**What needs to be done:**
The entries below are to be written out exactly, with no images included.

**Dataset extract:**
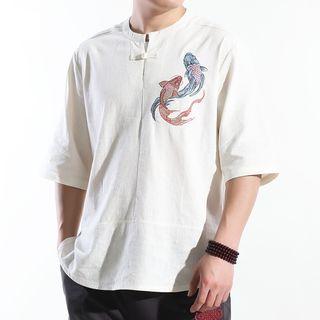 3/4-sleeve Fish Embroidered Hanfu Top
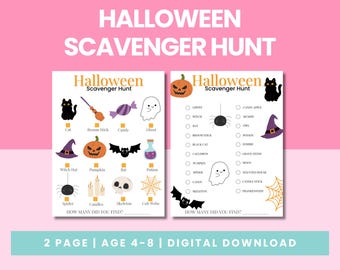 Halloween Scavenger Hunt | Kids Halloween Scavenger Hunt Printable | Spooky Activity for Kids PDF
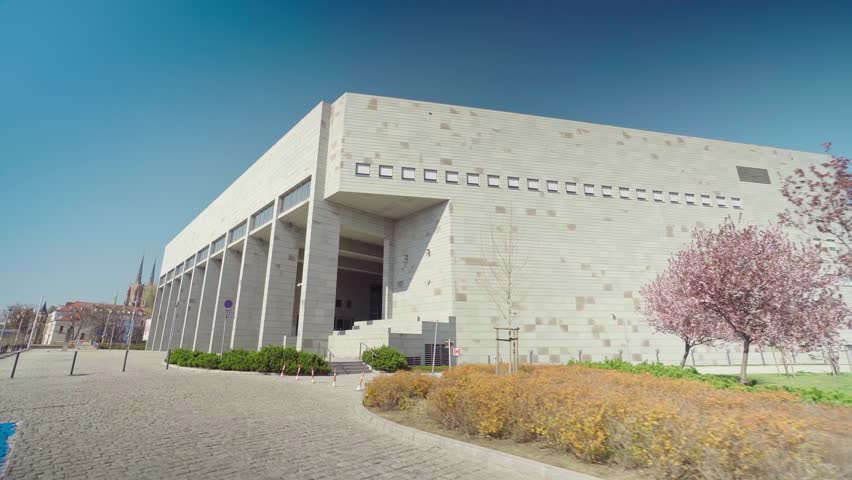 The building of the University Library in Wrocław, Poland. Building, Architecture, Modern, Educational, Landmark, Academic, Study, Knowledge, Architectural detail, Study environment, Cultural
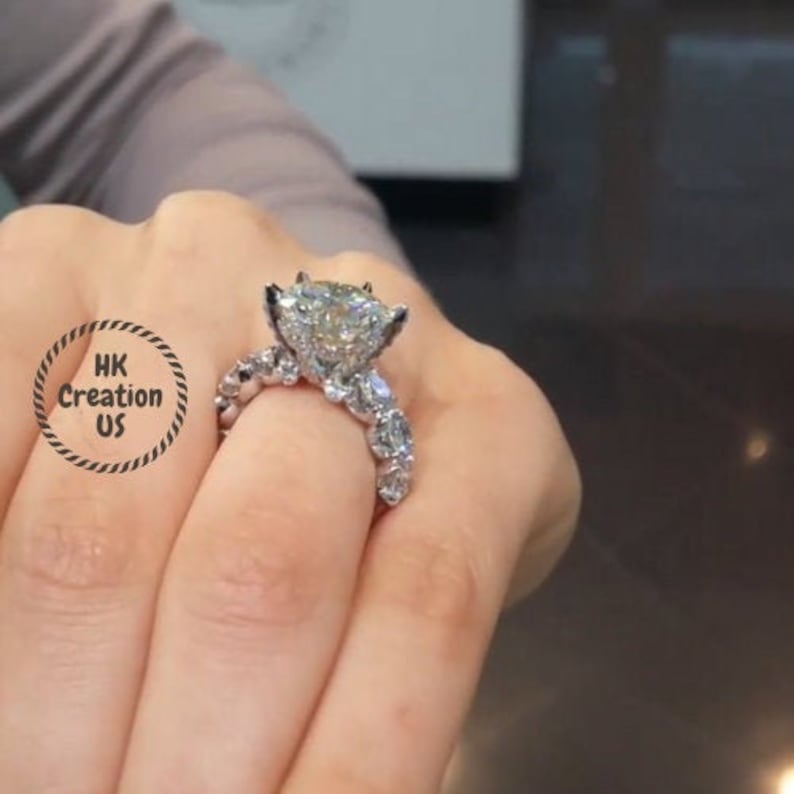 2.60 Carat Round Moissanite Engagement Ring Eternity Wedding Etsy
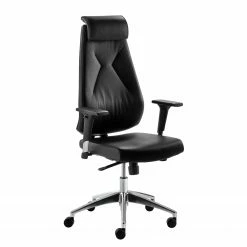 Mayer Sitzmöbel Bürodrehstuhl Lakota - Echtleder / Aluminium - Schwarz / Chrom -Möbel Verkäufe 2024 1000133111 180919 09515019 GALLERYIMAGES P000000001000133111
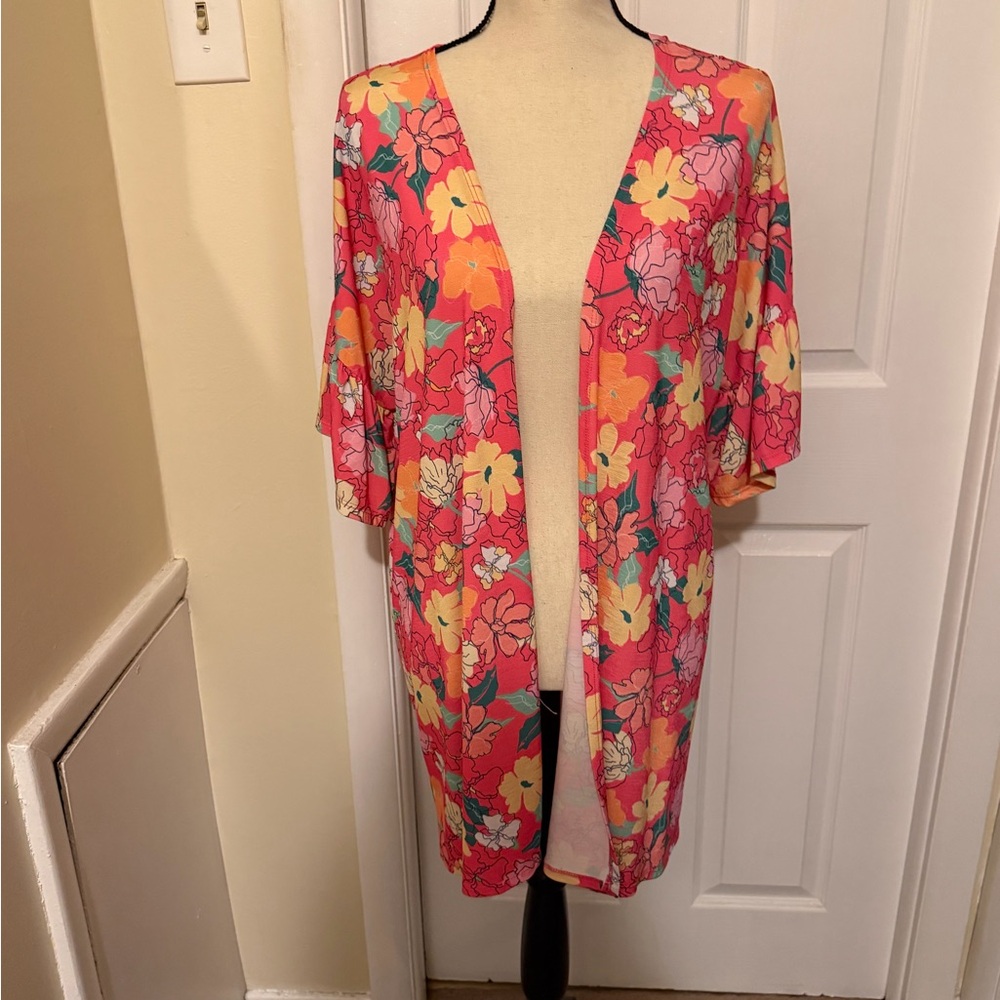 HEIMISH USA Pink Floral Open-Front Jacket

**Solved exercise:**
 3/4-sleeve Fish Embroidered Hanfu Top
 Halloween Scavenger Hunt | Kids Halloween Scavenger Hunt Printable | Spooky Activity for Kids PDF
 The building of the University Library in Wrocław, Poland. Building, Architecture, Modern, Educational, Landmark, Academic, Study, Knowledge, Architectural detail, Study environment, Cultural
 2.60 Carat Round Moissanite Engagement Ring Eternity Wedding Etsy
 Mayer Sitzmöbel Bürodrehstuhl Lakota - Echtleder / Aluminium - Schwarz / Chrom -Möbel Verkäufe 2024 1000133111 180919 09515019 GALLERYIMAGES P000000001000133111
 HEIMISH USA Pink Floral Open-Front Jacket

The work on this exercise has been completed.